For more than two decades, Amanda Andere has been on the frontlines fighting homelessness, both as an advocate for the unhoused and as a leader in seeking racial justice. Since 2016, Andere has led Funders Together to End Homelessness, a national network of philanthropy focused on housing justice and has recently worked to shape the organization’s new strategic framework toward an ethic of justice through action. Andere’s commitment to her work is inspired by a heart for social issues that focuses on reforming systemic inequalities with special attention on housing and racial justice.
“Our learning, unlearning, and commitment to liberation has led us to affirm while racial equity is an important step in addressing disparities, we will not transform, upend, or rebuild without leading with racial and housing justice at our core and knowing the difference between equity and justice is essential as we stitch a new garment rooted in liberation,” Andere said last year during her remarks at the 2022 National Conference on Ending Homelessness (“NCEH”).
“Justice requires urgent fundamental changes that reposition communities of color in relation to power and resources, which includes being able to challenge and shape the many institutions that determine a community’s conditions.”
As an activist for the unhoused, Andere has been a champion for housing first, believing access to safe and affordable housing creates the stability necessary for building success in every other facet of life. But as homelessness affects people of color at disproportionate rates, Andere says advocates must prioritize discussing racial equity when it comes to solving the housing crisis.
“Housing is a fundamental human right. Housing justice is a building block for racial justice and liberation,” Andere told last year’s NAEH conference attendees. “A just housing society offers the assurance of safe, secure, affordable, and dignified living conditions where people have power and agency over how and where they live.”
In addition to her position as CEO of Funders Together, Andere sits on the boards of several esteemed advocacy groups, including the United Philanthropy Forum, Equity in the Center, and the Washington Regional Association of Grantmakers. She has also served as CEO of Wider Opportunities for Women. She is a founding member of the National Racial Equity Working Group on Homelessness and Housing and National Coalition for Housing Justice, as well as part of the Leadership Council for the DC Partnership to End Homelessness. Formerly the board co-chair of A Way Home, a leader in the youth homelessness movement focusing on Black and Indigenous youth of color, as well as LGBTQ+ youth, Andere describes herself as a “co-conspirator” in the group’s work to end homelessness in young people under the guiding premise of racial equity.

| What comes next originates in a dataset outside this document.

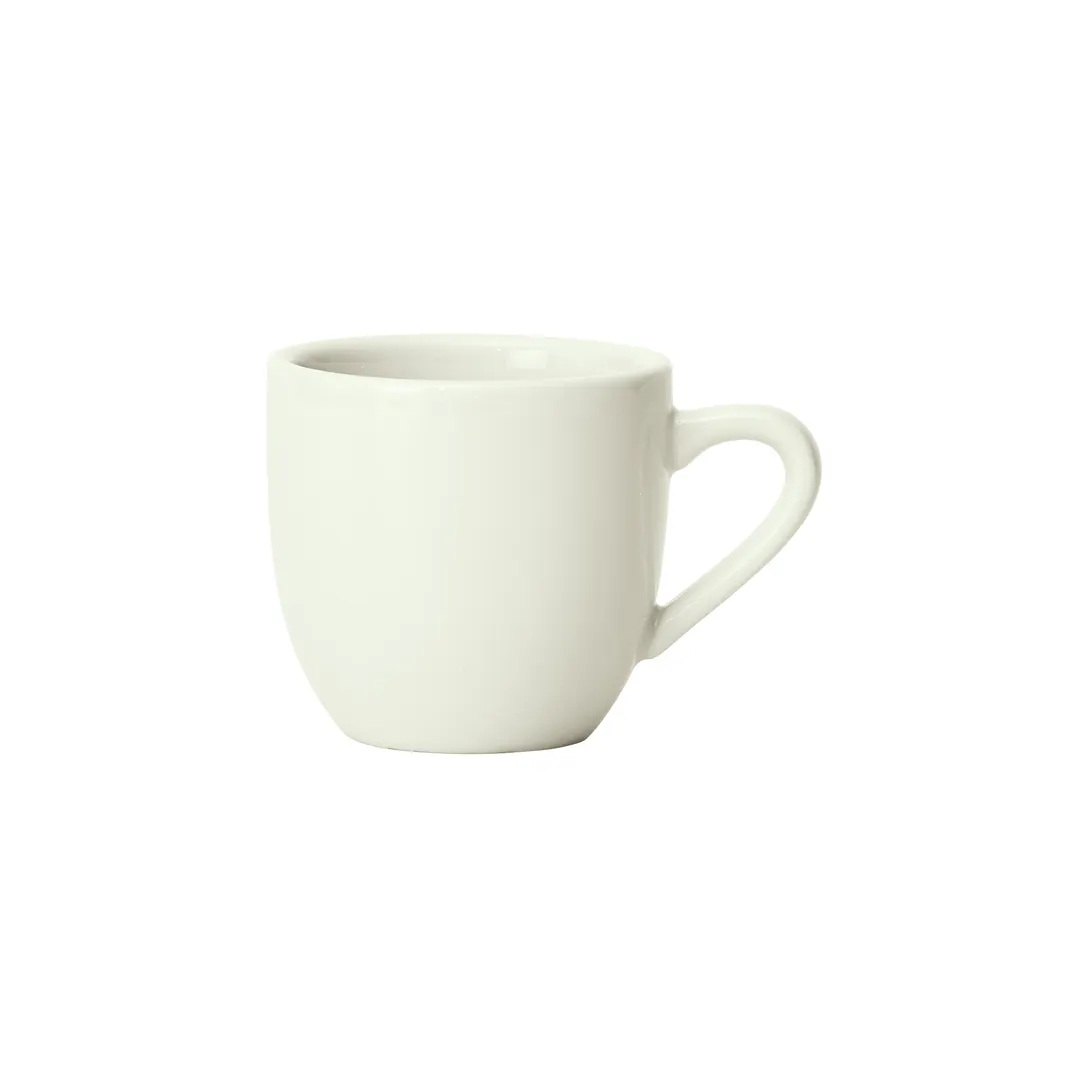 Winco BDC-35-AW China Cups, 3-1/2 oz Porcelain American White, Stackable - 1 Dozen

Andere has also taught courses in nonprofit management as an adjunct professor at George Mason University. She serves as an ordained deacon at Martin Luther King Jr. Christian Church in Reston, VA and as volunteer advisor for the racial equity task force in Fairfax County. Renowned across the United States for her work, Andere is a regular feature at conferences and speaking engagements where she is often invited to deliver addresses to housing advocates and others dedicating their lives to ending homelessness and realizing social justice.
In 2021, Andere was the keynote speaker at Family Promise’s Virtual Innovation Summit, delivering remarks from an address titled, “Reform, Reimagine, or Transform.”

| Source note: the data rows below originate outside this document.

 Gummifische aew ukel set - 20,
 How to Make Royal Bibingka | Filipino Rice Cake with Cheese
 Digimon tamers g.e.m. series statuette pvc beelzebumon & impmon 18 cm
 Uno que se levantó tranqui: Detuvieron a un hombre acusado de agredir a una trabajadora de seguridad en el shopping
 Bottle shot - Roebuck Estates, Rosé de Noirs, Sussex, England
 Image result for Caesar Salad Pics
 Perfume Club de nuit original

“Is justice about ending someone’s homelessness?” Andere posed to those at the Summit. “Or is justice about fundamentally changing the conditions that lead to the trauma of homelessness?”
Former Family Promise CEO Claas Ehlers described Andere as a “leader in our sector” with “a clear and strong voice about the inextricable connections between racism, inequity, and homelessness,” expressing his gratitude for the opportunity to learn from Andere’s ability to inspire, challenge, and provoke action.

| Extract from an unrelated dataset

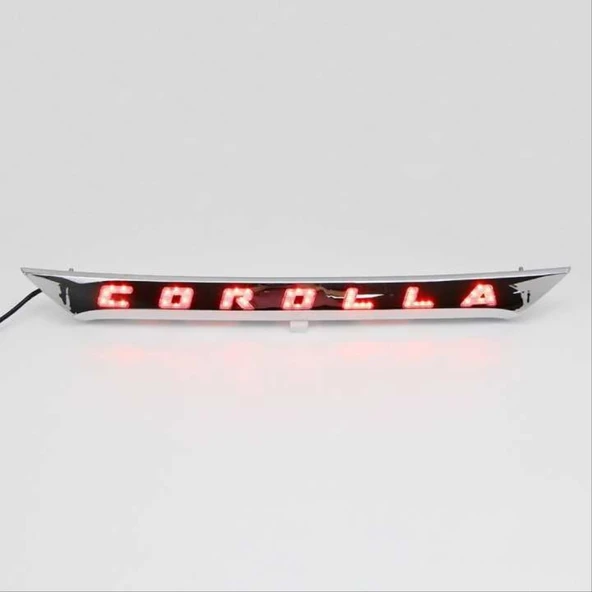 COROLLA 2014-2018 IÇIN UYUMLU BAGAJ LEDI - 4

The sum of Andere’s extensive body of work has informed her vision for ending homelessness and fighting for racial justice in a way that ultimately demands a change to the status quo from the top down.
“True justice and liberation cannot be achieved until we confront and hold accountable the way in which we operate,” Andere said. “Philanthropy–and all of us as gatekeepers to power and resources–needs to be dismantled, then reoriented and reimagined towards a more liberated way of resourcing communities.”